Мы перебрасывались фразами в темпе пинг-понга, а сейчас Андрей пропустил мяч. Цок-цок-цок… Лебедев раза три приподнял ботинок и опустил ногу на кафель пола.
— Я объяснил тебе свой выбор, — изрек он наконец.
— Допустим, я его даже съела. Как ты представляешь себе свою жизнь со мной и с детьми? Я-то свою легко — я выхожу на работу семь дней в неделю. Потому что это нужно мне и моему родному сыну. Ты готов развозить этих детей по школам и прочим активитиз?
— Мы же не будем эти мелочи обсуждать…
— Отчего же! — я вернула на стол почти пустой бокал. В груди не жгло, во рту саднило. — Ты мне тут планы на три пятилетки предлагаешь построить. Девочке три года — да даже в восемнадцать, отправив ее в университет, я не буду чувствовать себя свободной от родительских обязанностей. Я сейчас это прохожу… И думаешь, эти дети будут говорить тебе спасибо за борщ и новые ботинки? Они будут ждать любви, обнимашек и семейного отдыха.

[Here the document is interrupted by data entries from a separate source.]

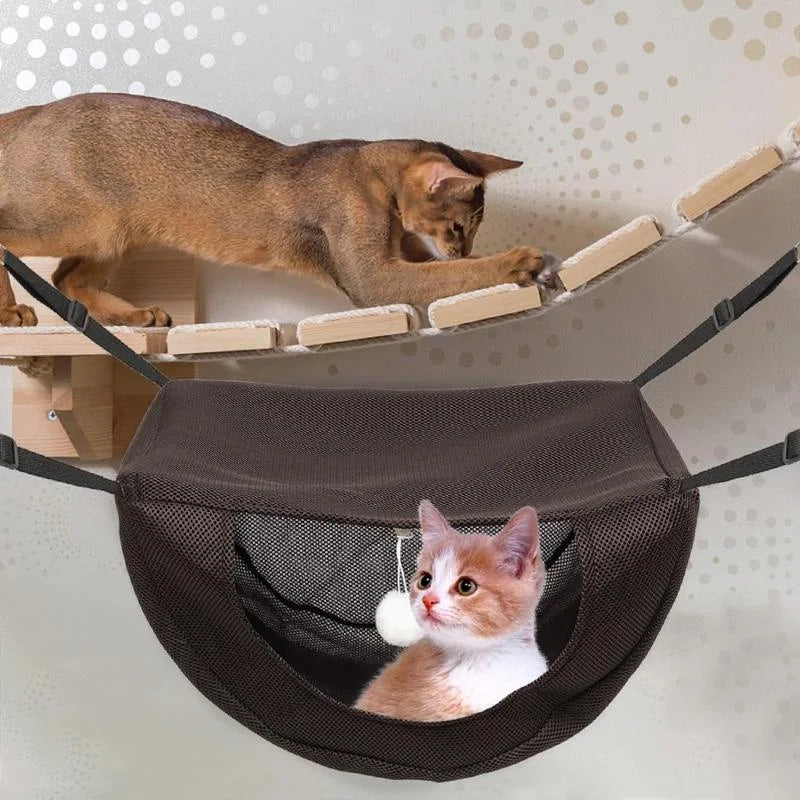 Double Layer Cat Cage Hammock,Breathable Mesh Hanging Pet Bed with Adjustable Lanyard,Suitable for Indoor Cats Kitten Ferret Ham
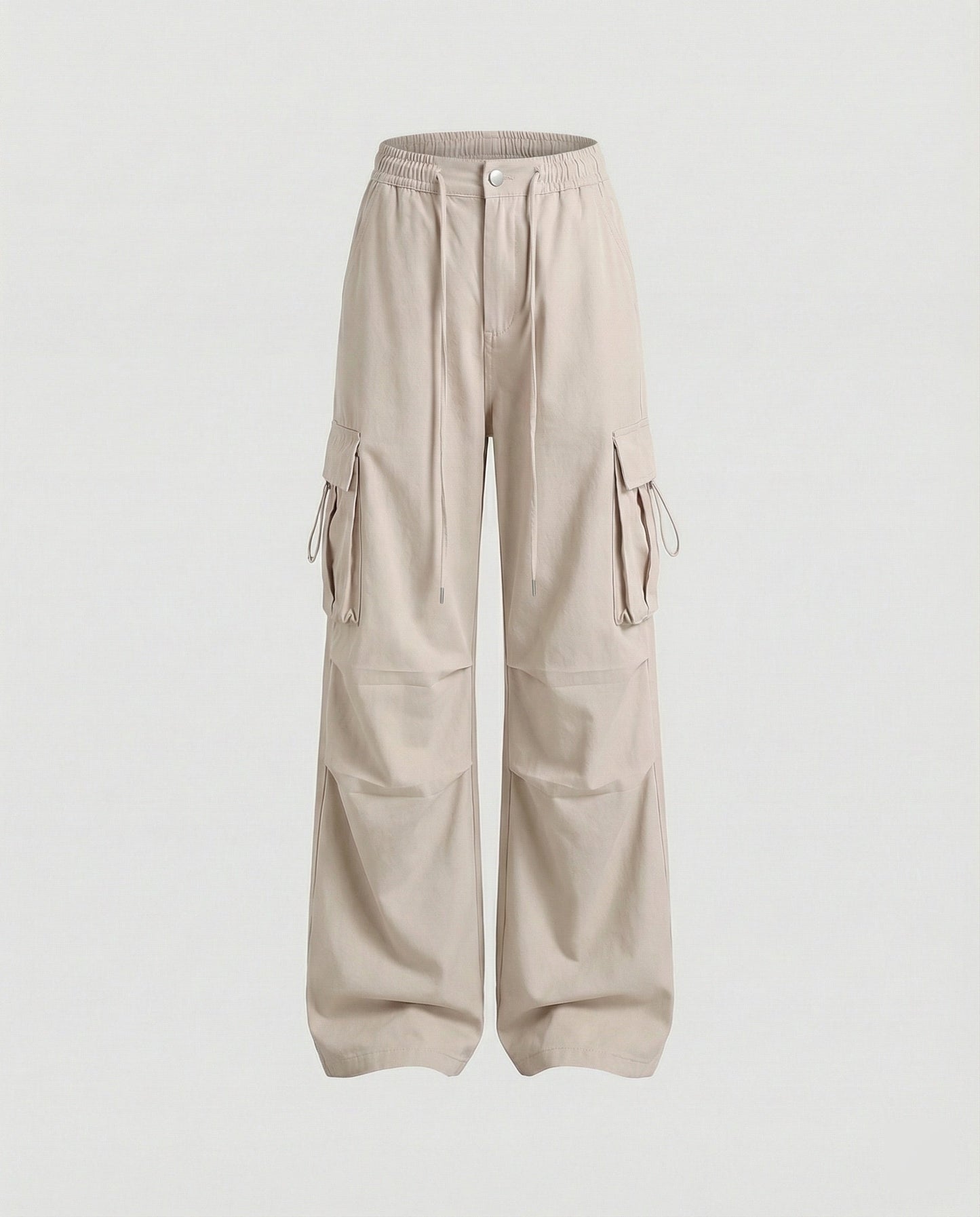 Damen Cargohose Hochtailliert mit Seitenschlaufen und Verstellbarem Saum
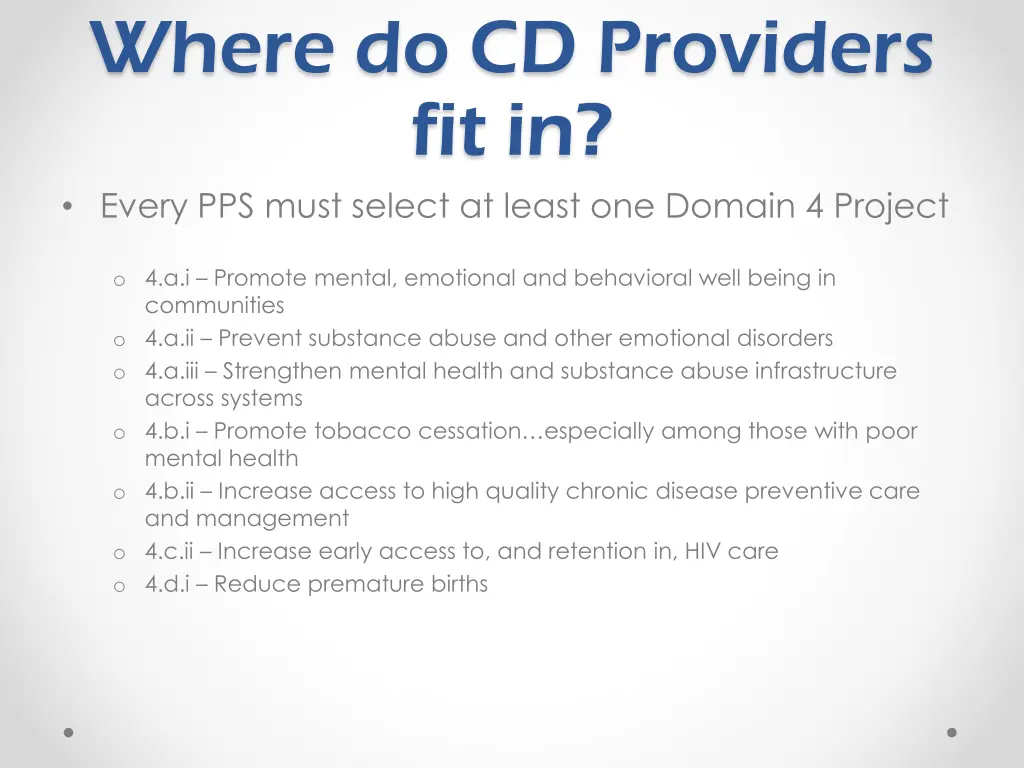 where do cd providers fit in every pps must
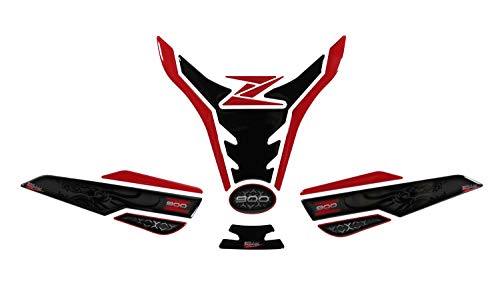 BIKE-label 850033-VA - Juego de protectores para depósito de moto (compatible con Kawasaki Z900), diseño de dragón, color rojo y negro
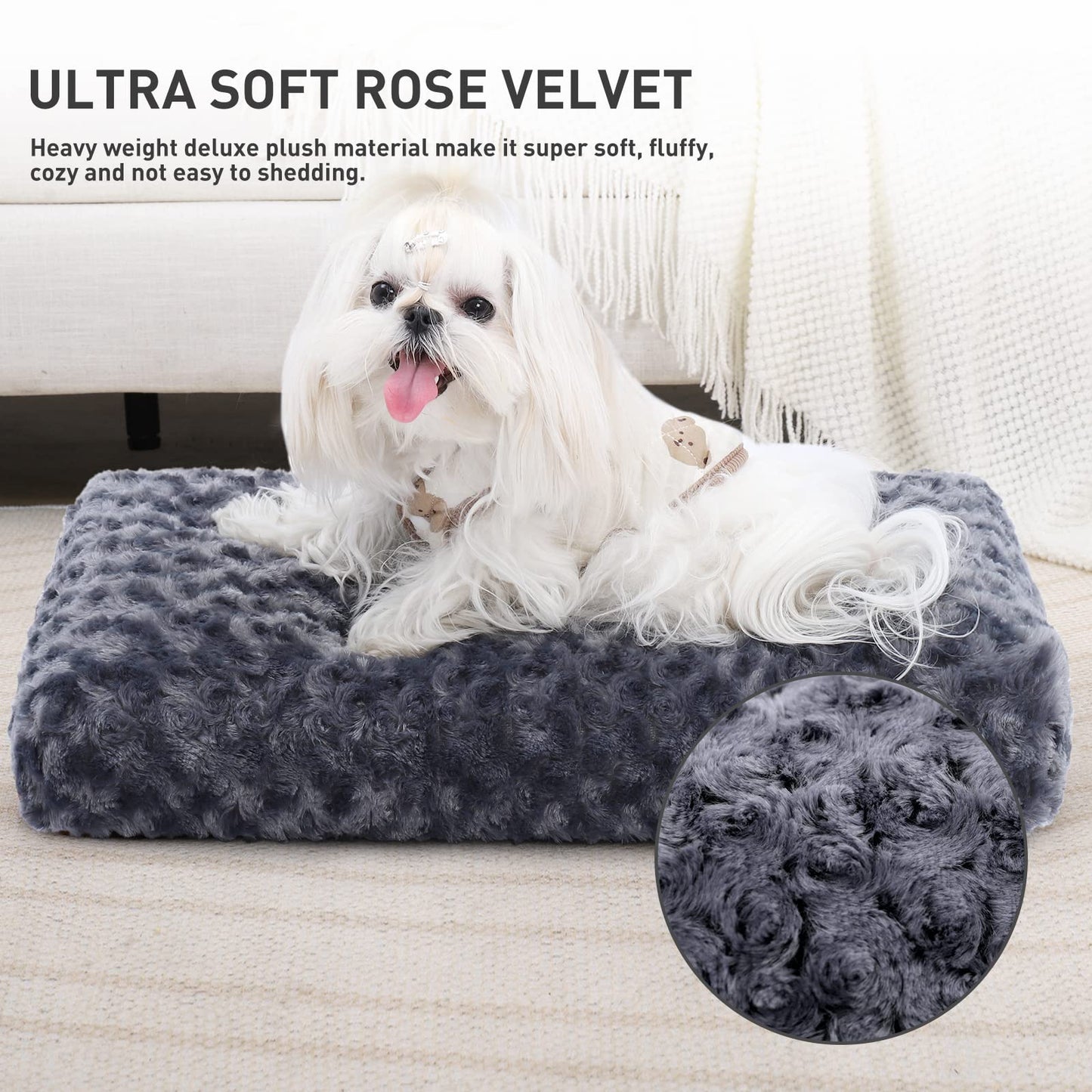KSIIA Washable  Plush Dog Crate Beds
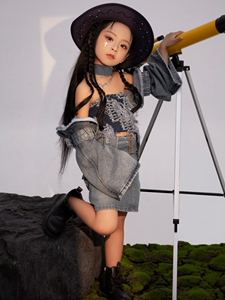 女童西部牛仔走秀潮装牛仔主题T台表演辣妹风复古朋克演出服儿童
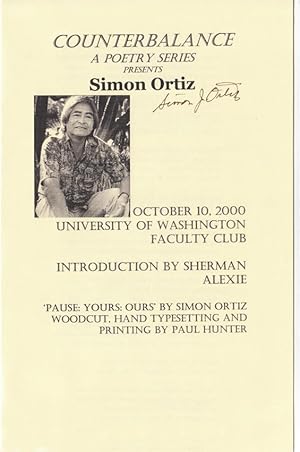 Counterbalance A Poetry Series Presents Simon Ortiz October 10, 2000 University of Washington Fac...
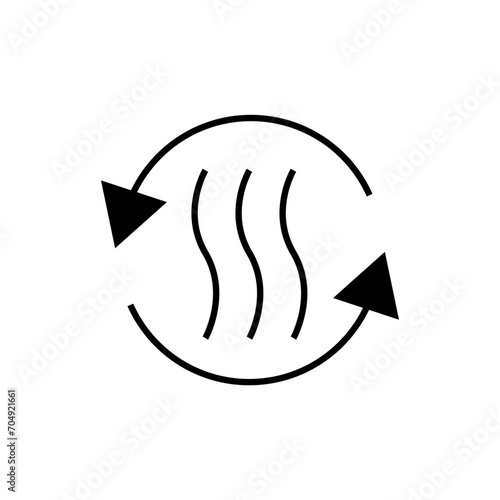 Air fryer symbol line vector. .warm up, preheat, keep warm.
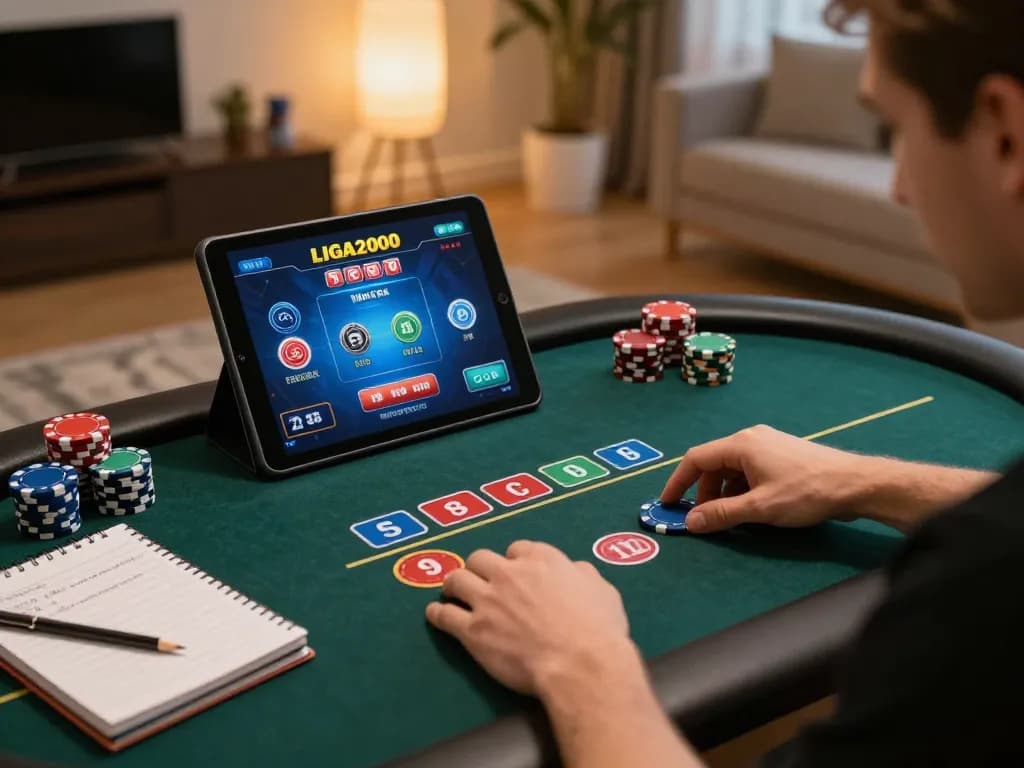 LIGA2000 online gaming session highlighting strategic poker gameplay and personal betting notes.
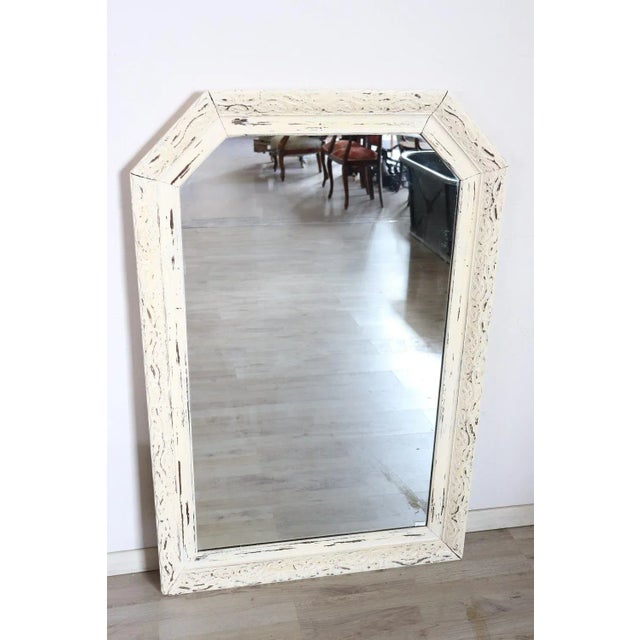 White Vintage Lacquered Wood Wall Mirror For Sale - Image 8 of 10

Ты это понимаешь? Ты хоть немного представляешь себе, что такое растить детей? Ты только родить смог, остальное прошло мимо тебя…
— Я ничего не должен представлять. Это ты пришла ко мне с идеей об усыновлении. Я о таком варианте никогда не думал.
— Знаешь, даже независимой кошке мало того, чтобы хозяева насыпали ей вовремя корм. Ей нужно внимание. А ты говоришь про детей.
— Да не говорю я про детей! — повысил голос Андрей. — Это ты про них говоришь! Если тебе они не нужны, то мне — тем более!
— Тогда о чем нам с тобой вообще говорить! Налей мне еще! — это я ткнула ему в грудь бокалом, ничего другого под рукой не было, чтобы проверить, живое там в груди сердце или камень.
— Не надо напиваться, — сказал уже тогда, когда забрал бокал и поставил в раковину. — Мне твои трезвые истерики противны.
— Так какого хрена ты еще здесь? — кинула ему в спину.
— Потому что, когда ты молчишь, ты мне очень нравишься, — повернулся он ко мне лицом. — Мы можем не орать? Помолчать, подумать, пожить… Просто пожить вместе. Можем?
— А ты-то сам, как думаешь? — спросила я, не опустив взгляд, но опустив плечи. — После всего… Как это вообще возможно? Если нас ничего не держит подле друг друга… Уже ничего, давно ничего.
— Врешь…
Андрей сделал шаг и остановился, опустил глаза мне на руки, и я только сейчас заметила, что те в замке и выстукивают по краю стола битый ритм.